■ **DATA SECTION**:
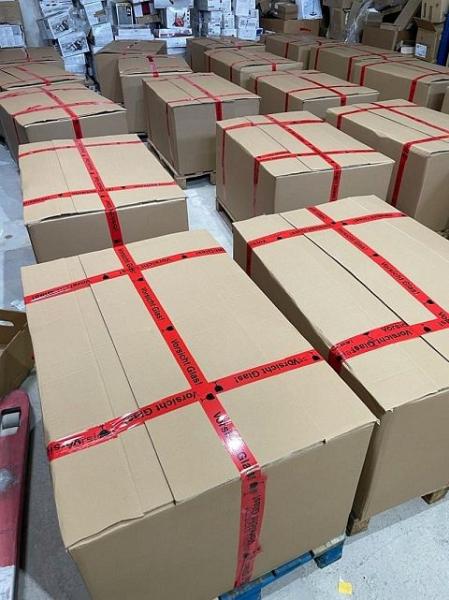 RED Boxes - Haushaltsger&auml;ten, Haushaltswaren, Mixpalette Mischpalette Retouren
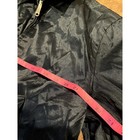 Collectible Vintage West Hartford Fire Dept Uniform Jacket Black Bomber Patch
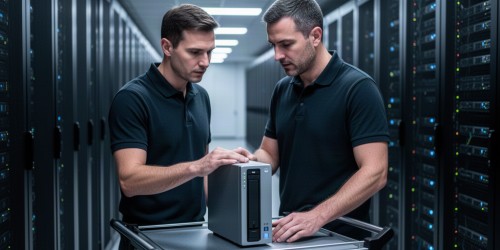 O que é storage iSCSI e quais são suas aplicações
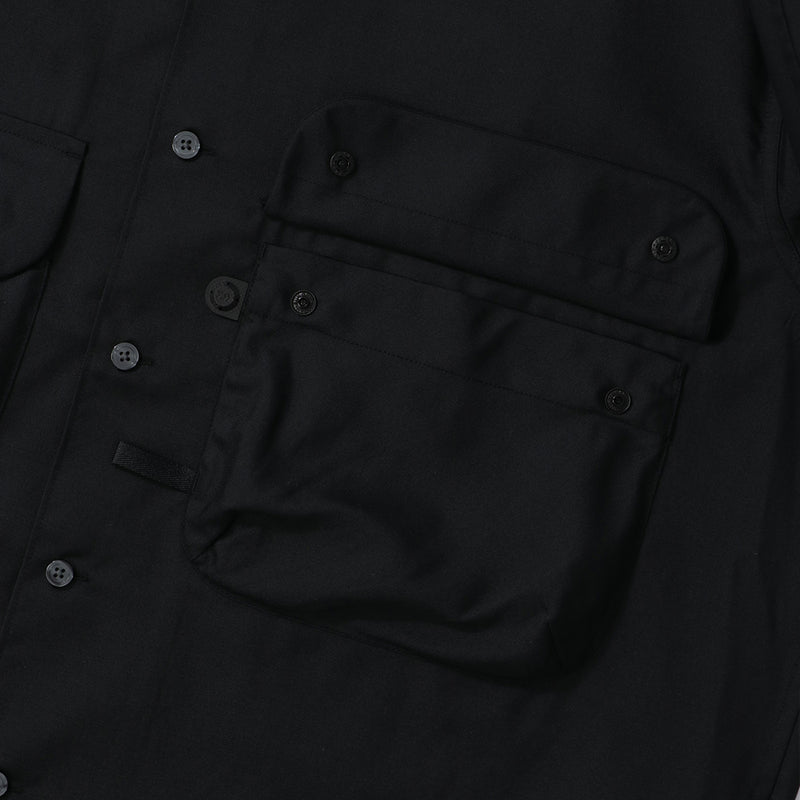 DAIWA PIER39(ダイワピア39)｜TECH SPORTS OPEN COLLAR SHIRT L/S(テックスポーツオープンカラーシャツL/S)｜【公式通販 UNION TOKYO】｜ユニオントーキョー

■ **GOAL OF THE EXERCISE**: With the pictures left out, output exactly the lines from the one with "Collectible Vintage West" through the end of the listing above, both ends included.

■ **SOLUTION TO THE PROBLEM**:
 Collectible Vintage West Hartford Fire Dept Uniform Jacket Black Bomber Patch
 O que é storage iSCSI e quais são suas aplicações
 DAIWA PIER39(ダイワピア39)｜TECH SPORTS OPEN COLLAR SHIRT L/S(テックスポーツオープンカラーシャツL/S)｜【公式通販 UNION TOKYO】｜ユニオントーキョー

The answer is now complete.